SSDs are only insanely faster in certain situations. Well written applications are optimized for mechanical drives as they try to keep reads as sequential as possible. Not everything can be 100% sequential reads however, and certain databases can be up to 10x faster on SSDs.
For things like games which mainly only need to load huge sequential textures, there really isn't that big of a difference between your Raptor and a SSD. You can confirm this yourself by putting whatever application you think needs better I/O performance on a RAMdisk. If it really doesn't speed up that fast, you can start pointing fingers at things other than your SSD
Actually SSDs are faster in all cases. SSDs sequential read is faster about twice as Raptors.

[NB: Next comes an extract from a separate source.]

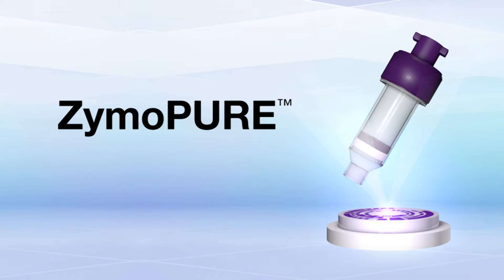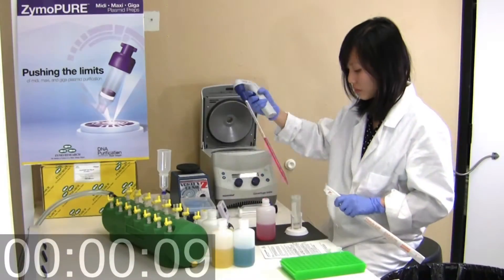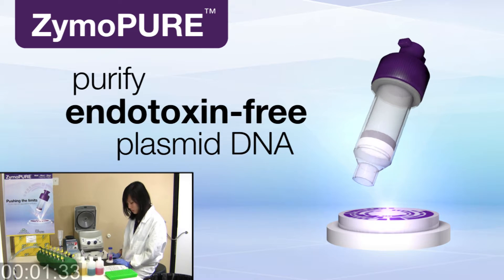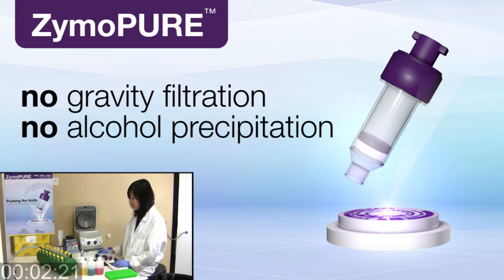Introducing ZymoPure, an innovative and high-quality plasmid DNA isolation technology. Watch as one of our scientists isolates plasmid DNA in less than 18 minutes. With ZymoPure, purify endotoxin-free plasmid DNA without the need for gravity filtration or alcohol precipitation.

Programs cannot be well written to read in sequentially from the disk. The program can't control where exactly the files are written on the disk. The disk controller will just fill up whatever unused space it finds first. Some performance programs can trick the controller by collecting many small writes into a large sequence so the disk controller will write a longer sequence of data from a program. So data ends up less fragmented. Then comes the problem of mechanical drive seek times. The more fragmented, the worse the speed it because of the long seek time.
Loading large textures, models, map, core engine of whatever game is much, not just noticeably faster from an SSD compared to a velociraptor.
RAM disk are buggy, and RAM cost much more than an SSD. Plus, at every startup, you've to waste time loading the files from the HDD into the RAM disk and you've too waste even more time writing back the file on the SSD at shutdown.